**What the exercise asks:** Below are the records. Reproduce exactly the lines from the one containing "Vintage Two Tone" through the final line, and omit any pictures.
*** Block opens ***
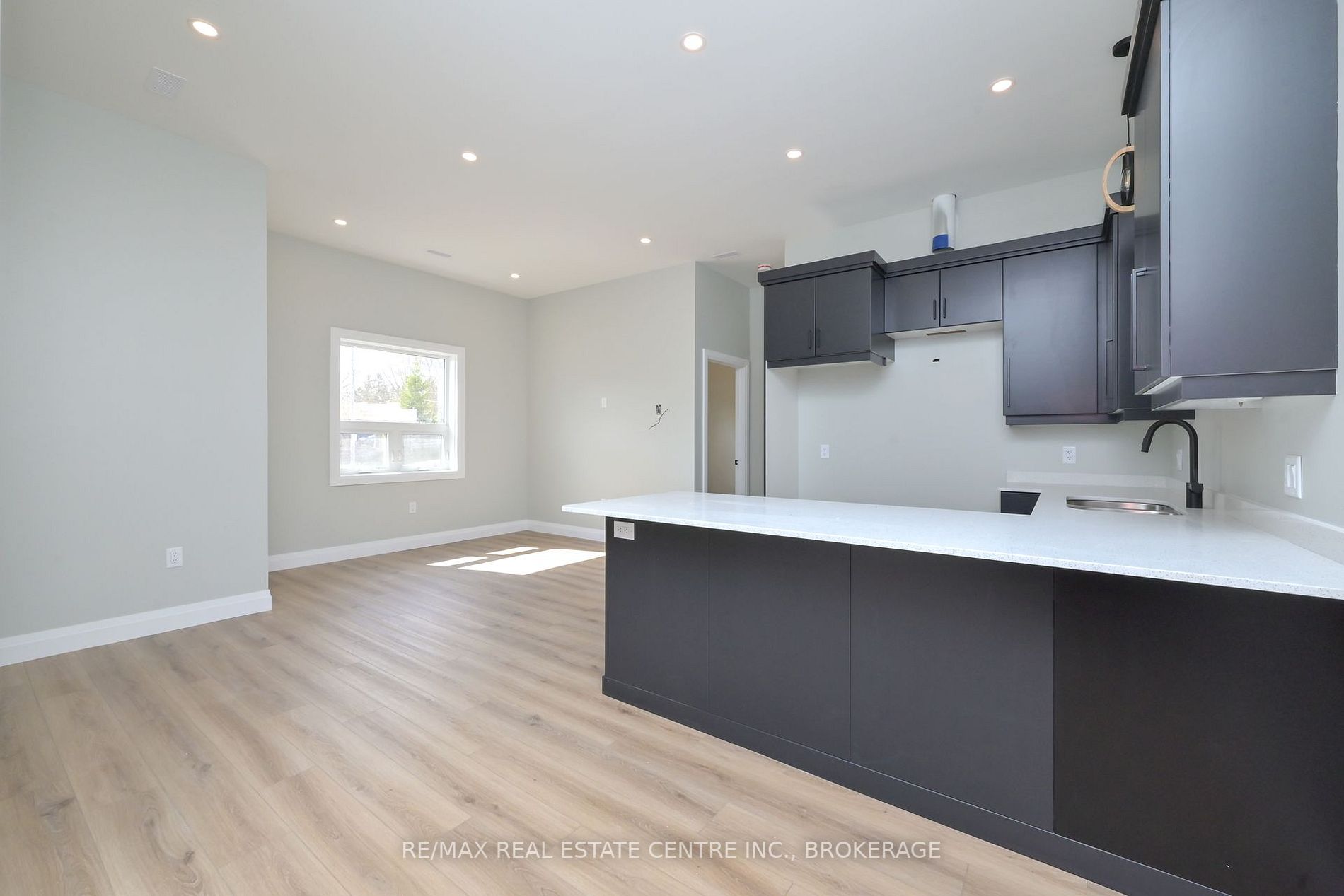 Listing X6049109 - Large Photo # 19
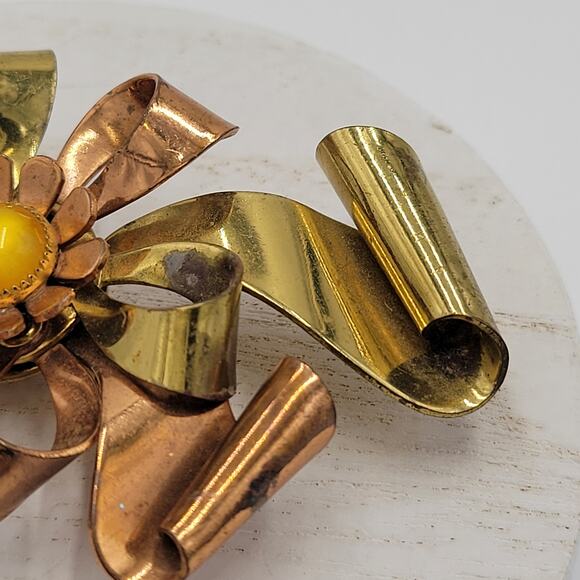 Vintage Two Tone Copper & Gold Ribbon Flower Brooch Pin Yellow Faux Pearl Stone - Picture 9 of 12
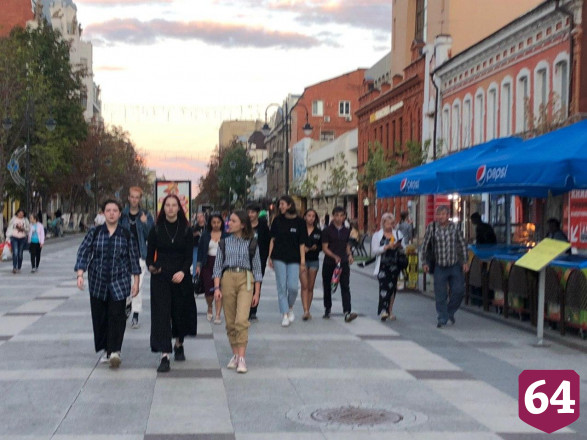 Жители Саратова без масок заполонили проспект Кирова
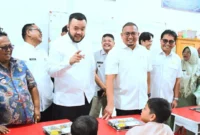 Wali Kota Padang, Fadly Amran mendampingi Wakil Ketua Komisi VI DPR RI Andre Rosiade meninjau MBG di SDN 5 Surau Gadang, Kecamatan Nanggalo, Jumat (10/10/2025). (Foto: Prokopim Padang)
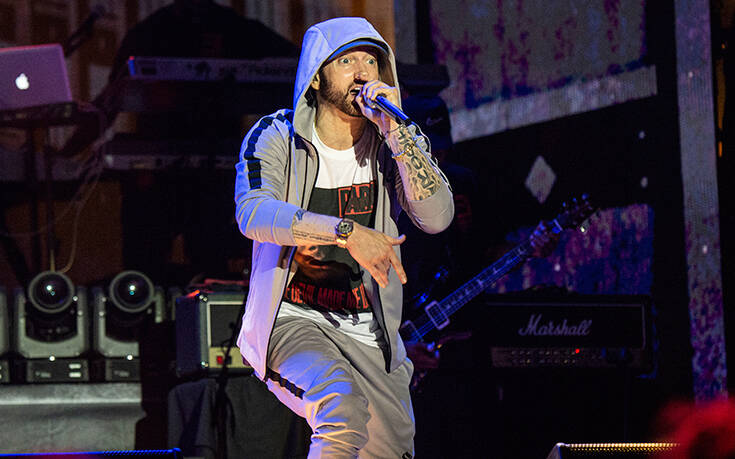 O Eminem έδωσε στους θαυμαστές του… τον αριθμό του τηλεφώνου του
*** Block closes ***
**Answer:**
 Vintage Two Tone Copper & Gold Ribbon Flower Brooch Pin Yellow Faux Pearl Stone - Picture 9 of 12
 Жители Саратова без масок заполонили проспект Кирова
 Wali Kota Padang, Fadly Amran mendampingi Wakil Ketua Komisi VI DPR RI Andre Rosiade meninjau MBG di SDN 5 Surau Gadang, Kecamatan Nanggalo, Jumat (10/10/2025). (Foto: Prokopim Padang)
 O Eminem έδωσε στους θαυμαστές του… τον αριθμό του τηλεφώνου του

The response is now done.